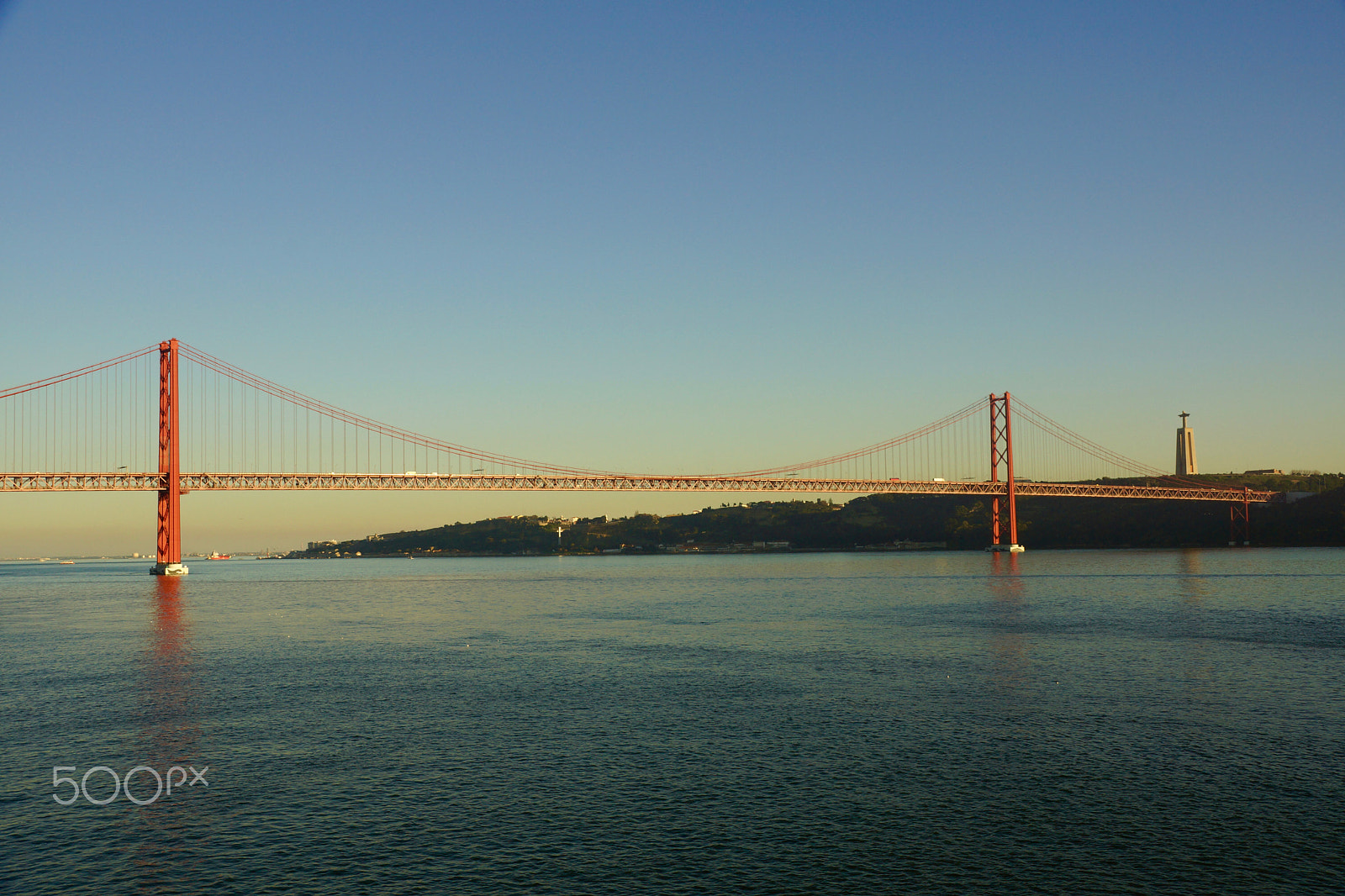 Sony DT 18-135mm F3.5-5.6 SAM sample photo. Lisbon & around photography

---

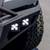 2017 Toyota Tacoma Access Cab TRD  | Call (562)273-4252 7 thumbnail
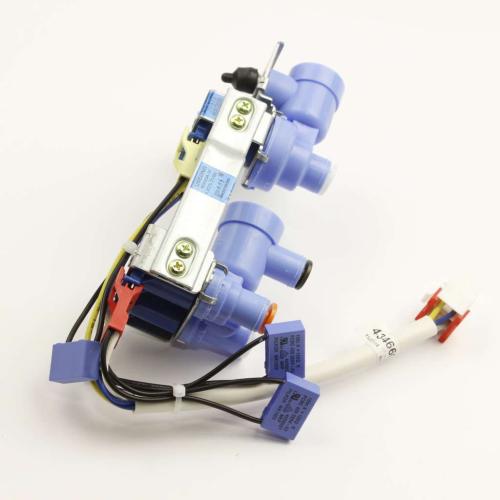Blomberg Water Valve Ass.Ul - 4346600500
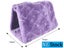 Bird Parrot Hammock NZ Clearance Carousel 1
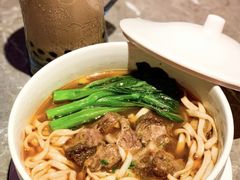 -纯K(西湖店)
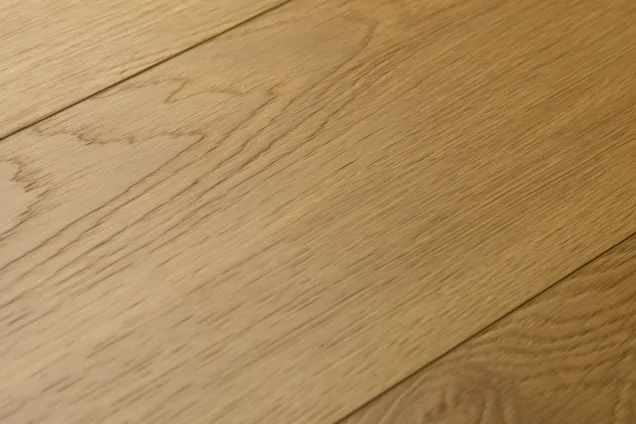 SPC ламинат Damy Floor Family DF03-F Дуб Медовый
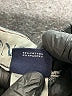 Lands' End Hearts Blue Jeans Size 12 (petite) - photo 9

Assignment >> Pictures excluded, give again exactly and only the lines of the material above from the line with "2017 Toyota Tacoma" through the line with "Lands' End Hearts".

Solution to this exercise >>
 2017 Toyota Tacoma Access Cab TRD  | Call (562)273-4252 7 thumbnail
Blomberg Water Valve Ass.Ul - 4346600500
 Bird Parrot Hammock NZ Clearance Carousel 1
 -纯K(西湖店)
 SPC ламинат Damy Floor Family DF03-F Дуб Медовый
 Lands' End Hearts Blue Jeans Size 12 (petite) - photo 9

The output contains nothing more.